- Hackers could make off with 200,000 DAI and 1101.8 ETH.
- The hacker used Tornado cash, a currency mixing tool, to transfer the stolen coins.
In the latest case of a decentralized finance (DeFi) marketplace being targeted by an attack, Deus Finance has lost almost $3 million in DAI and Ethereum tokens (ETH). On Twitter, PeckShield, a DeFi analysis business, explained why and how the funds were compromised. The perpetrators of the assault exploited and manipulated a pricing oracle for flash loans, causing the victims’ money to become insolvent.
The price of the StableV1 AMM – USDC/DEI pair was changed by the hackers to establish the price oracle for the protocol’s flash loans. At the time of the incident, PeckShield estimated that the stolen assets were over $3 million, but the company has since learned that hackers could make off with 200,000 DAI and 1101.8 ETH.
DEI Lending Contract Ended
Deus Finance CEO Lafayette Tabor posted to Twitter to inform the community about the refund possibilities.
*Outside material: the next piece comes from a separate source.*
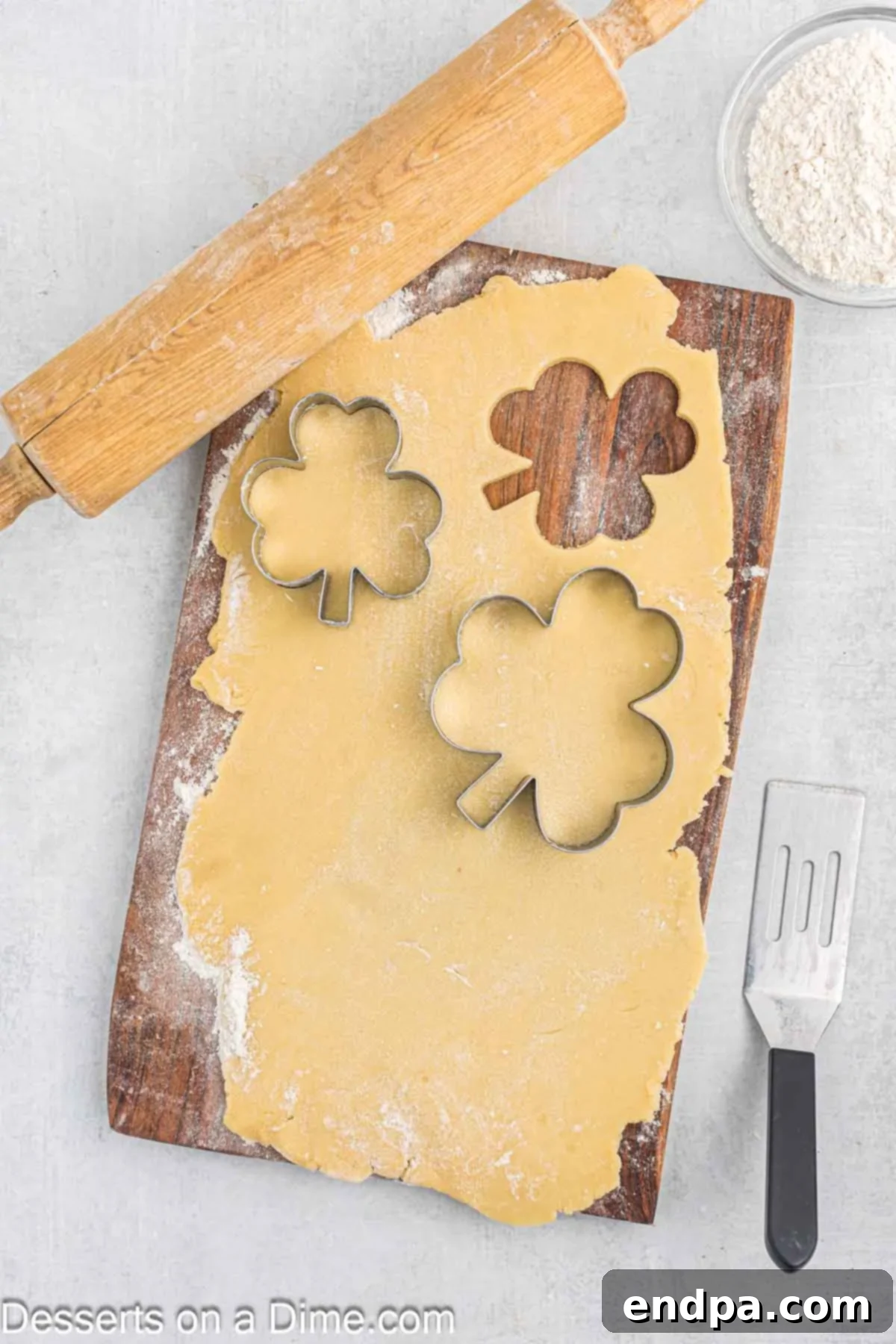 Emerald Clover Delights 8 Shamrock-shaped cookies neatly cut out from rolled dough on a lightly floured cutting board, ready for baking.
In addition, he promised that the programmers would draught a new contract that would allow impacted customers to pay back their debts.
According to the CEO,
“We will create a contract you will be able to repay your DEBT on it and get your sAMM that were liquidated, we will also implement a feature that lets you swap DEI against a small MUON allocation. (paying from my team allocation).”
The hacker then used Tornado cash, a currency mixing tool, to transfer the stolen coins over the Multichain protocol. In a statement, Deus Finance said it had ended its $DEI lending contract after discovering a vulnerability in its lending protocol. Also, the DeFi protocol stated that both $DEUS and $DEI were unaffected by the exposure.